LISTED ENTRIES:
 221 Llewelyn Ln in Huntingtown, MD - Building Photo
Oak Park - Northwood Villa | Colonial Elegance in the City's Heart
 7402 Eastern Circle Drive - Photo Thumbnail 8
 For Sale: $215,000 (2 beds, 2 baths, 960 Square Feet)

---

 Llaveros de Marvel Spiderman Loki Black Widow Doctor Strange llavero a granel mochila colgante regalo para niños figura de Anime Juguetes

---

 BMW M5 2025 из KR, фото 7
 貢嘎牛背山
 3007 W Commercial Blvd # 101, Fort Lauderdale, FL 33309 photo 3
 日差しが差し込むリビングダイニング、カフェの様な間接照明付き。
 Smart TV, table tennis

EXERCISE INSTRUCTIONS: Reproduce only the lines above spanning from the line containing "日差しが差し込むリビングダイニング、カフェの様な間接照明付き。" through the line containing "Smart TV, table tennis", word for word.

RESPONSE BOX:
 日差しが差し込むリビングダイニング、カフェの様な間接照明付き。
 Smart TV, table tennis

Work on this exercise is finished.